From 331b7d9ba6a881324c22120573233f1aa54c3778 Mon Sep 17 00:00:00 2001
From: Jacob Bohlin <jacob.bohlin@arm.com>
Date: Thu, 12 Dec 2024 17:13:06 +0000
Subject: [PATCH] MLBEDSW-10129 Preserve input/output order for raw format

This patch ensure the order of input and output tensors are preserved
from source model to serialising to raw format.
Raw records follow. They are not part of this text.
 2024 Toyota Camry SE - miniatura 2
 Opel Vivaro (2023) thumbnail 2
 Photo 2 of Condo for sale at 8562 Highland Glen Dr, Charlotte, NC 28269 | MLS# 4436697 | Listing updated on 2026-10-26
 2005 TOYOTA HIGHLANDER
Previously the tensors were ordered after the execution order of
their consumer operation.

Change-Id: Ia5a32362a5fa2eb0217a1b69015795258c238000
Signed-off-by: Jacob Bohlin <jacob.bohlin@arm.com>
---
 ethosu/regor/bindings/python/py_regor.cpp | 12 +++++-
 ethosu/regor/compiler/raw_writer.cpp      | 46 ++++++++++-----------
 ethosu/regor/test/test_raw_writer.cpp     | 49 +++++++++++------------
 ethosu/vela/rawdata_writer.py             |  4 ++
 test/test_ethos_u_vela.py                 |  5 +++
 5 files changed, 66 insertions(+), 50 deletions(-)
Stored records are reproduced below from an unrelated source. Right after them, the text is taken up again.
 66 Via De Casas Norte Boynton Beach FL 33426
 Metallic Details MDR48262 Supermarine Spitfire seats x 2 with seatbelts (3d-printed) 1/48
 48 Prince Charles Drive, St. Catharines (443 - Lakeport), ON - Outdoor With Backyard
diff --git a/ethosu/regor/bindings/python/py_regor.cpp b/ethosu/regor/bindings/python/py_regor.cpp
index 8046d50a..4c3b34c9 100644
--- a/ethosu/regor/bindings/python/py_regor.cpp
+++ b/ethosu/regor/bindings/python/py_regor.cpp
@@ -172,6 +172,7 @@ struct PyRegorCompiledRawModel : PyRegorCompiledModel
     PyRegorCompiledRawModelNonConstantTensor scratch_fast;
     std::vector<PyRegorCompiledRawModelNonConstantTensor> inputs;
     std::vector<PyRegorCompiledRawModelNonConstantTensor> outputs;
+    std::vector<PyRegorCompiledRawModelNonConstantTensor> variables;
 };
 
 struct PyRegorCompiledTFLiteModel : PyRegorCompiledModel
@@ -460,6 +461,14 @@ private:
                         shape.insert(shape.end(), header.tensor.output.shape, header.tensor.output.shape + 4);
                         raw.outputs.emplace_back(region, address, size, element_size, shape);
                         break;
+                    case regor_raw_tensor_header_t::RAW_TENSOR_TYPE_VARIABLE:
+                        region = header.tensor.variable.region;
+                        address = header.tensor.variable.address;
+                        data_size = header.tensor.variable.size;
+                        element_size = header.tensor.variable.element_size;
+                        shape.insert(shape.end(), header.tensor.variable.shape, header.tensor.variable.shape + 4);
+                        raw.variables.emplace_back(region, address, size, element_size, shape);
+                        break;
                     default:
                         break;
                 }
@@ -556,7 +565,8 @@ PYBIND11_MODULE(regor, m)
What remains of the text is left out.